* [Activity]
From the top of the entries below through the line containing "HONOR OF KINGS Casual Pants Unisex-1", return every line exactly as written, please, and stop there.

* [Working data]
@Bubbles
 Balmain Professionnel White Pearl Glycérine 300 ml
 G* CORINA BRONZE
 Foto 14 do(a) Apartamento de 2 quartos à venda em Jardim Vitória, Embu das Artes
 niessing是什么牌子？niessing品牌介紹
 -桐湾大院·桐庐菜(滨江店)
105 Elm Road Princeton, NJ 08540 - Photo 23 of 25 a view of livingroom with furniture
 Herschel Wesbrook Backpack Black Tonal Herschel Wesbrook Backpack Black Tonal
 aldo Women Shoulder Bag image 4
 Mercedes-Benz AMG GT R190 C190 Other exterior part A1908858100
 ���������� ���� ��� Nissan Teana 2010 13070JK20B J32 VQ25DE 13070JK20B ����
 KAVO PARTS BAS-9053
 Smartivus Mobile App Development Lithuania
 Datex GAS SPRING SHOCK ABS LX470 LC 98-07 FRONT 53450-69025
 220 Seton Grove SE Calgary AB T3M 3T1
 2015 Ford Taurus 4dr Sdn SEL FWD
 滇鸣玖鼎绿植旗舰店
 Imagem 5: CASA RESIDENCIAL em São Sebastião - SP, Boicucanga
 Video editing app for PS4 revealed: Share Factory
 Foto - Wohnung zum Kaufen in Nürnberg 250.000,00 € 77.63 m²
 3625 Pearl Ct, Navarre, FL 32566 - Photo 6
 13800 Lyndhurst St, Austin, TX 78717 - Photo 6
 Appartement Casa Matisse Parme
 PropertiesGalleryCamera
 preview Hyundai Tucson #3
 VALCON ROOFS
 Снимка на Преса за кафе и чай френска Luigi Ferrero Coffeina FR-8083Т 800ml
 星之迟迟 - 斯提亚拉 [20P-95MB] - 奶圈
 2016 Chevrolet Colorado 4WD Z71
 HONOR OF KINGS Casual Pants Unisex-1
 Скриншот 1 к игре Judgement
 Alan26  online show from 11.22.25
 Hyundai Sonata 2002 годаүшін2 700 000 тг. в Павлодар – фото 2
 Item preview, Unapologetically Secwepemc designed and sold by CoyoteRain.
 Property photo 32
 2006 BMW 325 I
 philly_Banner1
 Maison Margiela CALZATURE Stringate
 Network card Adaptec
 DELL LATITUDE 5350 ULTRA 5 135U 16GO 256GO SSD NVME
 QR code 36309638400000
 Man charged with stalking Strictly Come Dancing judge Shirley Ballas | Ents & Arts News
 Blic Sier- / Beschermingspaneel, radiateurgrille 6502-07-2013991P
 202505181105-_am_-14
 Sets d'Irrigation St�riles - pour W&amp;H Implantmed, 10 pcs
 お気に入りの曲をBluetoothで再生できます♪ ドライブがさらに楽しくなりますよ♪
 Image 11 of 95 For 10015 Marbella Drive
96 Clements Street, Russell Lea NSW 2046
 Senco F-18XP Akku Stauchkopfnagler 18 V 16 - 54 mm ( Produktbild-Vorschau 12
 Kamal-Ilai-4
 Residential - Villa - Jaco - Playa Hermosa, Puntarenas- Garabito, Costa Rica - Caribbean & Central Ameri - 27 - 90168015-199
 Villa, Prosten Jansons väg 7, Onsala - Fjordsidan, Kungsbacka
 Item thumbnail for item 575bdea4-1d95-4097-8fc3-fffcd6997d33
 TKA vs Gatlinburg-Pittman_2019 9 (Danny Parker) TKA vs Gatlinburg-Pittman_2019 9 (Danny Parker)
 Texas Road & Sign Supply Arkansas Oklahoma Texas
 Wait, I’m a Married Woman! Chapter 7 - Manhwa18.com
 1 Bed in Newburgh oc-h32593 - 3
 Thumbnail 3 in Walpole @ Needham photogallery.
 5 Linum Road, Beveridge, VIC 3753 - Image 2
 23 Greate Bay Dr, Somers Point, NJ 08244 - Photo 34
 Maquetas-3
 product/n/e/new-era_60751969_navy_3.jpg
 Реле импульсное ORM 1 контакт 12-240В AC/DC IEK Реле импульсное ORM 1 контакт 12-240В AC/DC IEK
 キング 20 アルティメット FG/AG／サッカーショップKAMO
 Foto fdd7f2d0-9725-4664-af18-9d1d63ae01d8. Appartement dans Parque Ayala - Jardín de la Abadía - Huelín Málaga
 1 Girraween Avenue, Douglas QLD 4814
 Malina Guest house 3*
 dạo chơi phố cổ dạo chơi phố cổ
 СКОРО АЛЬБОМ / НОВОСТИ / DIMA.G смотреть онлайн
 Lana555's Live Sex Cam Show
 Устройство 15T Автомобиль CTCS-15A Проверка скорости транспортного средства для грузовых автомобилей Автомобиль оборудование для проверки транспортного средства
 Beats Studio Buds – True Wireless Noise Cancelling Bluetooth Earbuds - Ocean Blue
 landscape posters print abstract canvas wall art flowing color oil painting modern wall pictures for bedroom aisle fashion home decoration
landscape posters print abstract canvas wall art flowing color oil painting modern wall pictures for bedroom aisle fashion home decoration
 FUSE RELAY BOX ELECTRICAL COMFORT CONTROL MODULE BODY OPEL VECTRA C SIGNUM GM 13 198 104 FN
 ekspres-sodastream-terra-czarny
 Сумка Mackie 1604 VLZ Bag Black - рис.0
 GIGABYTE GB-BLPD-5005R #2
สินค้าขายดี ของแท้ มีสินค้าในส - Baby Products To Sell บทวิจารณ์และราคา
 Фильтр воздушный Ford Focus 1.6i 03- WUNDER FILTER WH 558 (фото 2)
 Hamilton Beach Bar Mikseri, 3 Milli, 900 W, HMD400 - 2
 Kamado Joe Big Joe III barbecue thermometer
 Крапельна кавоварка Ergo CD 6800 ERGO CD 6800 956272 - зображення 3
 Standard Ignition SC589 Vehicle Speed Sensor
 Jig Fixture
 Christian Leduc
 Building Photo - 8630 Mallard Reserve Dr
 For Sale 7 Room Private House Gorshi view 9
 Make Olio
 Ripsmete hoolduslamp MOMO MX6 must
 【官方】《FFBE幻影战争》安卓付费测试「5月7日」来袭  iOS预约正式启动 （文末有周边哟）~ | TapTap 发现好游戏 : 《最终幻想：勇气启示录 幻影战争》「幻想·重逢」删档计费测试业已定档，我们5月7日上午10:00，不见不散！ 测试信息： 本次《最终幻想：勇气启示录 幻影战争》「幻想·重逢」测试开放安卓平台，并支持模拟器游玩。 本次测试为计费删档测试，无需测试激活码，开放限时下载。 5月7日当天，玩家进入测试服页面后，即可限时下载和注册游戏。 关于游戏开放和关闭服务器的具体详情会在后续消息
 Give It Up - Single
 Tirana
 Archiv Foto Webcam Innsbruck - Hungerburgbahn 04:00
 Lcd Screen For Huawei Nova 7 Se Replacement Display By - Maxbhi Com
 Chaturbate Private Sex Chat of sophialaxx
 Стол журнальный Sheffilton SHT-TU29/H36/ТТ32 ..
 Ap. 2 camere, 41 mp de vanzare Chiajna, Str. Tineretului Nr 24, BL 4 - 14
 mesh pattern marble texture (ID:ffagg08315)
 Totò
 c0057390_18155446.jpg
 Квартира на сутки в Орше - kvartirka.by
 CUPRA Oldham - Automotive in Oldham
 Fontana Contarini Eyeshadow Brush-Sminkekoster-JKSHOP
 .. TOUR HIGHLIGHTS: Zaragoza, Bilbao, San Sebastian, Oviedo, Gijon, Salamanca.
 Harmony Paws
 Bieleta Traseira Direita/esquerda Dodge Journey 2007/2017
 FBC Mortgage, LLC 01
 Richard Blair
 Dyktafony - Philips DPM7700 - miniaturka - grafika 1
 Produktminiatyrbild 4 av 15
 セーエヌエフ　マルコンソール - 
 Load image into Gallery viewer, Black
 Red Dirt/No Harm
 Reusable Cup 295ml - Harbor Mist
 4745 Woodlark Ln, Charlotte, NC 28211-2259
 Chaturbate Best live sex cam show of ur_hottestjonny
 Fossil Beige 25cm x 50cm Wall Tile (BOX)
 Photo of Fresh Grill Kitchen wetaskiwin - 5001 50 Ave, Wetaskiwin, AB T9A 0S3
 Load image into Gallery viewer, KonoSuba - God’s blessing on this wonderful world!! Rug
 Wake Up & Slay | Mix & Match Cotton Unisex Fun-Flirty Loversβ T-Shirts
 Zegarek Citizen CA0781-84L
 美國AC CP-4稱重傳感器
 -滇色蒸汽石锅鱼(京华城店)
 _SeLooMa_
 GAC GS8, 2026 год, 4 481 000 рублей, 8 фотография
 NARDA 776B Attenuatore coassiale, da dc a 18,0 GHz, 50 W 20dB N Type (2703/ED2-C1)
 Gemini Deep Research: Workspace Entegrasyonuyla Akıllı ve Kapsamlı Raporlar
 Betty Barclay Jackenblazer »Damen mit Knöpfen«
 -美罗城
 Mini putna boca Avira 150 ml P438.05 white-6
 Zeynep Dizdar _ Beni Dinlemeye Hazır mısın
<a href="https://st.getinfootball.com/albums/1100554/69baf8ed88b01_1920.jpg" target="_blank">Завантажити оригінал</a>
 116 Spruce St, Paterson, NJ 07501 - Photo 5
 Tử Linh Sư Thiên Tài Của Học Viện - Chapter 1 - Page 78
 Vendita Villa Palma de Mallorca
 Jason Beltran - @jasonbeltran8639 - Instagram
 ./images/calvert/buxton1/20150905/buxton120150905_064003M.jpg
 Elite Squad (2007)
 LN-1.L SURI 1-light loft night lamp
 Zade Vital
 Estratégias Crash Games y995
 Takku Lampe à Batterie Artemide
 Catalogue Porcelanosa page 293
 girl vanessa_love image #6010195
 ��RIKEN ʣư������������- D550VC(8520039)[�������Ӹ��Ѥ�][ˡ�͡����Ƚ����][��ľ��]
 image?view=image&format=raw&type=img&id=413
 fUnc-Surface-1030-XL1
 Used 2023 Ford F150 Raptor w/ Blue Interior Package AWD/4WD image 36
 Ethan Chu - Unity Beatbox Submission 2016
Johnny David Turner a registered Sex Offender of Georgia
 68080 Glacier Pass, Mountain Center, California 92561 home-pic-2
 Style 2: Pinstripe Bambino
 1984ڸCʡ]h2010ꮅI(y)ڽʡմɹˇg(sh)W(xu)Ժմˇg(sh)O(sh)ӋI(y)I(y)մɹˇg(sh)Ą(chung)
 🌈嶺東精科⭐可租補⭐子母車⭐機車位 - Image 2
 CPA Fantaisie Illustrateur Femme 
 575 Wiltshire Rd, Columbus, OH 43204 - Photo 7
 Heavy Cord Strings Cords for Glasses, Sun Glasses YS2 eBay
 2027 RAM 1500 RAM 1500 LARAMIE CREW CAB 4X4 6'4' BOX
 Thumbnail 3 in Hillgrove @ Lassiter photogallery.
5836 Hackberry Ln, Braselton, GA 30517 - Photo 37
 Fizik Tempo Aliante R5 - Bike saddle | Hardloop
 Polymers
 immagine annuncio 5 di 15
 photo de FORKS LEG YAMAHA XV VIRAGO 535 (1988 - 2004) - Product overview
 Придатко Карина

* [Exercise solution]
@Bubbles
 Balmain Professionnel White Pearl Glycérine 300 ml
 G* CORINA BRONZE
 Foto 14 do(a) Apartamento de 2 quartos à venda em Jardim Vitória, Embu das Artes
 niessing是什么牌子？niessing品牌介紹
 -桐湾大院·桐庐菜(滨江店)
105 Elm Road Princeton, NJ 08540 - Photo 23 of 25 a view of livingroom with furniture
 Herschel Wesbrook Backpack Black Tonal Herschel Wesbrook Backpack Black Tonal
 aldo Women Shoulder Bag image 4
 Mercedes-Benz AMG GT R190 C190 Other exterior part A1908858100
 ���������� ���� ��� Nissan Teana 2010 13070JK20B J32 VQ25DE 13070JK20B ����
 KAVO PARTS BAS-9053
 Smartivus Mobile App Development Lithuania
 Datex GAS SPRING SHOCK ABS LX470 LC 98-07 FRONT 53450-69025
 220 Seton Grove SE Calgary AB T3M 3T1
 2015 Ford Taurus 4dr Sdn SEL FWD
 滇鸣玖鼎绿植旗舰店
 Imagem 5: CASA RESIDENCIAL em São Sebastião - SP, Boicucanga
 Video editing app for PS4 revealed: Share Factory
 Foto - Wohnung zum Kaufen in Nürnberg 250.000,00 € 77.63 m²
 3625 Pearl Ct, Navarre, FL 32566 - Photo 6
 13800 Lyndhurst St, Austin, TX 78717 - Photo 6
 Appartement Casa Matisse Parme
 PropertiesGalleryCamera
 preview Hyundai Tucson #3
 VALCON ROOFS
 Снимка на Преса за кафе и чай френска Luigi Ferrero Coffeina FR-8083Т 800ml
 星之迟迟 - 斯提亚拉 [20P-95MB] - 奶圈
 2016 Chevrolet Colorado 4WD Z71
 HONOR OF KINGS Casual Pants Unisex-1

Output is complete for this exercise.